So Christmas came and went, and it brought our household some new technological marvels and along with them trials and tribulations. And this is in addition to me migrating to Linux on my own PC, so here are my thoughts on my technological breakdowns this Xmas.
Firstly I’m going to talk about the Apple iPad Air my wife got for Christmas, and please bear in mind that I roll my eyes when anyone mentions an Apple product. So the big day came and my wife opened her secret pressie from the family and was in tears at the sight of the iPad air inside the wrapping. She opened it and turned it on. Set up an Apple I.D. it demanded immediately, so we did. Give us your credit or debit card details it screamed (first of my hate Apple reasons confirmed, greedy corporation which sells everything it can to you) so she did. Having forked over £400 I think that one of the first things Apple should do is give you a working device, not demand your details so it can hold the device to ransom until you give them, but there you have it.
Having setup an Apple I.D. it was ready for use, except it wasn’t, now Apple demand your username and password before it will do anything just to make doubly sure you’re in their power. Start the app store, username and password, start the browser and it asked again. For my money that was piss taking on an unprecedented scale. Anyway, wife is happy and iPad now works, although anything else you want it to do seems to cost money straight from the first app you want to use, and we haven’t told her yet she can’t hook it to her computer without wiping our daughters Iphone out of the iTunes (including all her backed up music) or letting it set it up to be our daughters iPad. Apple, just great isn’t it?

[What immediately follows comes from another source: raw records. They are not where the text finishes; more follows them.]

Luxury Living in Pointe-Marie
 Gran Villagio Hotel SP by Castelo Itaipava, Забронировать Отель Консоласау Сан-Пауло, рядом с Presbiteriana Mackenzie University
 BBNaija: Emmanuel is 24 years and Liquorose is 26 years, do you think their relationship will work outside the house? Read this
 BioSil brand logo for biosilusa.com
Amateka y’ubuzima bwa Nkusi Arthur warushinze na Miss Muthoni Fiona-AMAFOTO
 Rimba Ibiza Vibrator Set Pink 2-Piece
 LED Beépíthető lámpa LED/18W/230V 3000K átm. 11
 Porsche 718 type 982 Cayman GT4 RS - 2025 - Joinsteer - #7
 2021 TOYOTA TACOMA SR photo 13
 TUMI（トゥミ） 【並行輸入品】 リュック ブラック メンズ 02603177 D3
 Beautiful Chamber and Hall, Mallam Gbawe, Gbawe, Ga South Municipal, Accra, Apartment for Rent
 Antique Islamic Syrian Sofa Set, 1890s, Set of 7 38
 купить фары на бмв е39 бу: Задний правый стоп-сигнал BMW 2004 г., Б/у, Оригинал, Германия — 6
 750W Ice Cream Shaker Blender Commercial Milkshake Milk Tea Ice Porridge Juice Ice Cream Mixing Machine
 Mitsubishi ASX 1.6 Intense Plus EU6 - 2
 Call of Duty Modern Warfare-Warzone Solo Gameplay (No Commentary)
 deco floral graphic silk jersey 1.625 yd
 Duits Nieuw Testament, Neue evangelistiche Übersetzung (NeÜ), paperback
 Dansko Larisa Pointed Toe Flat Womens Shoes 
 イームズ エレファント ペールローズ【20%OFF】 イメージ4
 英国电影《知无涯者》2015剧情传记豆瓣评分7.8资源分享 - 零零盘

Second piece of technology was the Kindle for our youngest daughter. A few minutes and it was added to my Amazon account with parental controls on downloading books which need to be paid for. Books were added to the list automatically and a new one bought for my daughter and ready to read in a minute or so. Now that is painless technology and a better out of the box experience than Apples I’d say.
Then I went to start up my PC and Linux Mint refused to work again, so that’s removed from my shortlist of OS’s when my new hard drive arrives. I’m still wondering if Linux really is ready to use yet if you don’t want to spend hours each time you start your PC up just tweaking or writing command line codes which have to be looked up online (when the PC isn’t working how do you find them?).